Sunset: Remembering Palmer Hall
Yesterday morning, when I received an e-mail reporting that Palmer Hall had died a few hours earlier, I was saddened by the loss of a good and generous man. Palmer had been a wonderful friend to many, especially writers whose works he nourished and cherished during his decades as the editor of Pecan Grove Press. Though he had been in poor health for a while and he had kept everyone informed of various stages in his serious condition, displaying grace and dignity in his messages up until the end, the news of his passing was difficult to accept.
The fact that information about his death arrived by message on my computer seemed appropriate since I had first encountered Palmer in an online writers’ list more than twenty-one years ago during the early adventurous dial-up days of the Internet. We would correspond with others in the group and in personal notes, gaining admiration for one another’s works. Sometimes, in the middle of the night when online access was more available, we’d also meet with other authors at virtual cafés for continuing conversations. Indeed, Palmer and I eventually established a friendship that would grow further when we met in person at a writers’ conference in Atlanta and then at other gatherings on a number of occasions over the years.
Each time we’d gather at a conference in a different city, we arranged to visit interesting sites and we’d talk for hours—often discussing our homes, schools, students, friends, and family as much as our passion for literature or writing. In fact, our outings to different locations frequently stood among the highlights of the conferences.

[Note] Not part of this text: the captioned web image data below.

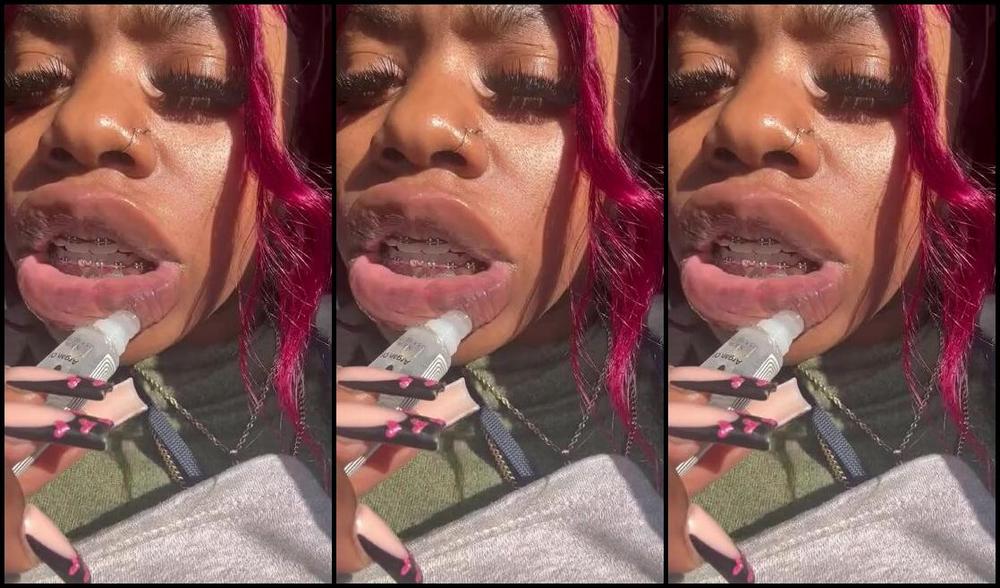 Biiggjuiccyfruit Onlyfans Up Gloss Dripping Gloss Joi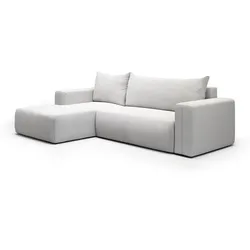 ECKSOFA Bliss 3 Sitzplätze Hellgrau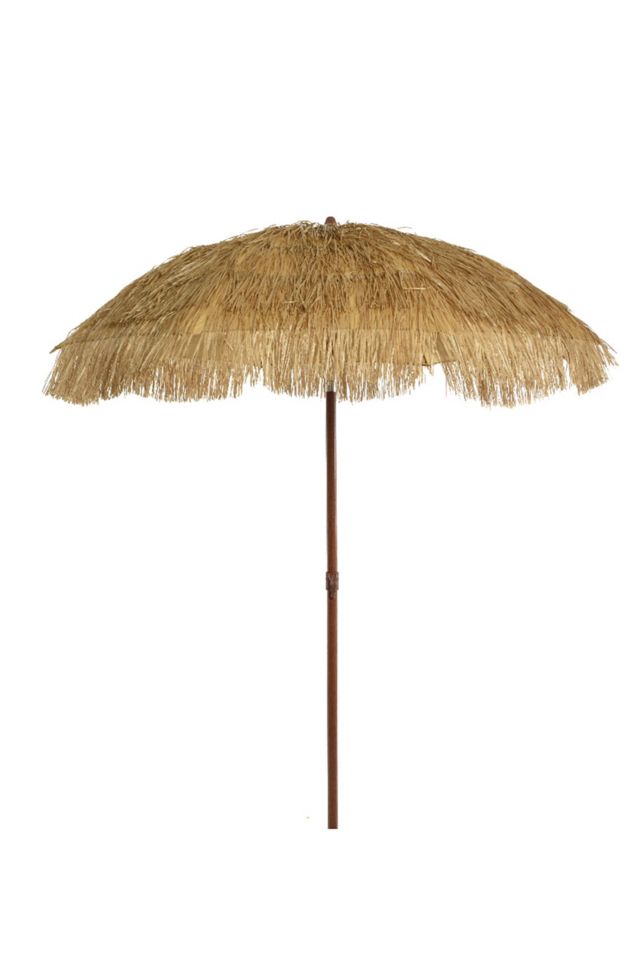 Palm Leaf Parasol | Urban Outfitters UK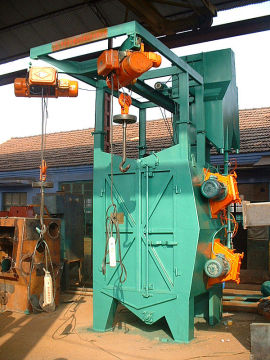 Lifting Hook Centrifugal Shot Blasting Machine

When we were at a meeting in Washington DC, Palmer graciously took me for a tour of a few historic landmarks, especially the Vietnam War Memorial, which he knew I’d wanted to visit with him because I’d read his prose and poems about a tour spent in the military working as a translator in Vietnam. I’m aware Palmer did the same for other writers as well, introducing them to this world he’d experienced, had meant so much to him, and had greatly shaped his character. Years later, I was honored when Palmer requested a comment from me for the back cover of one of his books detailing some of those war stories.
In New Orleans, Palmer and I would have lunch at real local cafés, where he could introduce me to the spicy regional dishes, and we’d spend evenings at jazz clubs in the French Quarter, comparing opinions on the musicians we both appreciated, as well as the current players in different sports we followed. When we were in Portland the year my university’s basketball team had made the Sweet Sixteen in the NCAA tournament and my alma mater’s team had made the finals, we sat in a bar and watched hours of hoops together.

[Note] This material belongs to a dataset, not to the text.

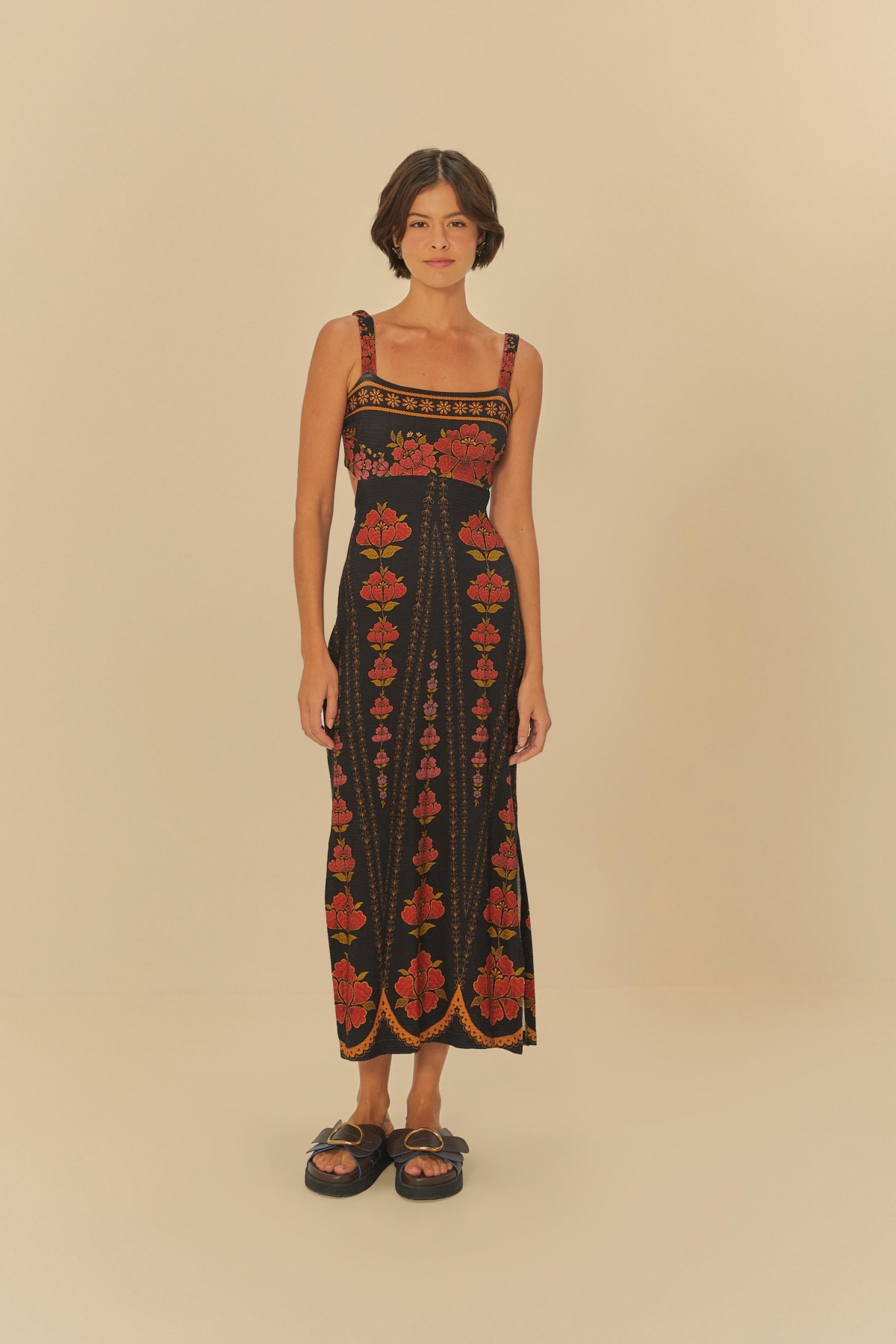 VESTIDO MIDI MADALENA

Over the years, Palmer published two of my collections of poetry, and he also published an anthology of poems from the first ten years of Valparaiso Poetry Review. When I initially explained my intention to compile the VPR poems, he immediately asked me to publish the anthology with Pecan Grove Press. I wanted him to co-edit it with me, but Palmer declined because he thought I should receive all the credit for the journal’s accomplishments.
Palmer had offered his encouragement and his confidence in all my books, a couple of times even before they were halfway developed. His faith in the writers whose volumes he produced for Pecan Grove Press never wavered, and I found the process delightful when collaborating with him as an editor.

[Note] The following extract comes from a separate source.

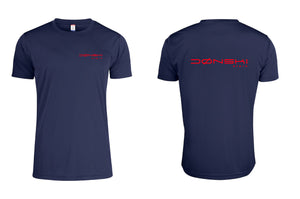 Dønski Alpin Tshirt Trening/Polyester Herre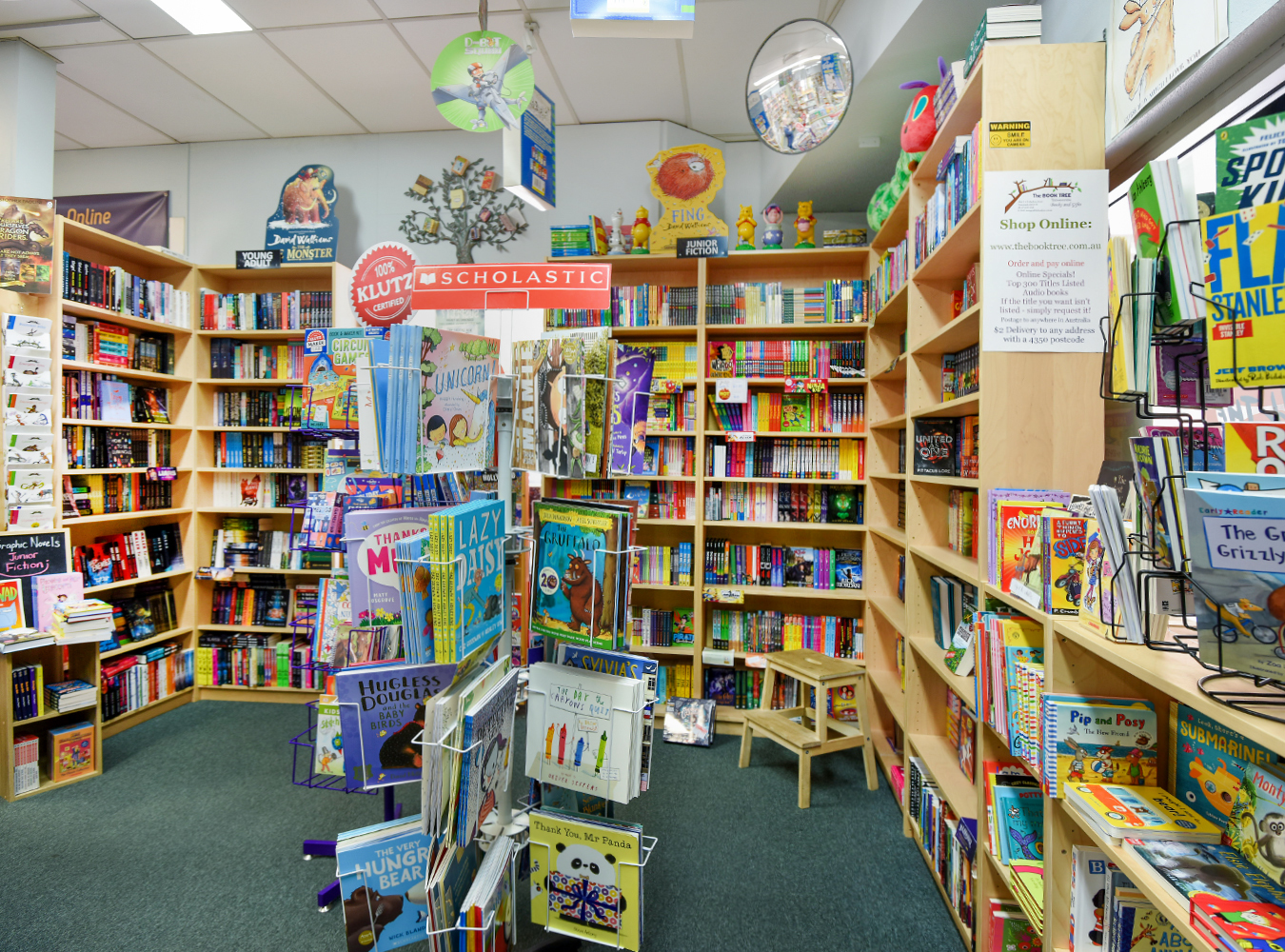 Profitable Independent Toowoomba Book Shop Picket Fence Properties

Palmer solicited my suggestions for cover art, and he seemed genuinely pleased by the selections I had made. However, during our discussions surrounding the publication of East of Omaha, I confessed to him I had no idea for the book’s cover. After weeks of back and forth, we decided to just brainstorm by mentioning our favorite images. Oddly, the first scene we both chose concerned winter trees with bare branches backed by a bright or dramatic sky. I was especially surprised since Palmer was from Texas, and I didn’t think a cold weather setting would be appealing to him.
Consequently, Palmer found a photographer he knew, one who had taken nature pictures for magazines like National Geographic, and he obtained just such a photo for the cover of my book. When the volume was released, we jokingly agreed it would be our secret that the image was actually photographed in Alaska rather than anywhere near Nebraska.
Since Palmer had expressed a preference among his favorite scenery for a wintry image with a brilliant sky as backdrop for leafless trees, I thought of him when I photographed the sunset above, which I captured recently after learning from Palmer that doctors had told him his time left was limited. For me, looking at this picture immediately brings back fond memories of Palmer, as well as my gratitude for the more than two decades I was privileged to know him and to call him a friend.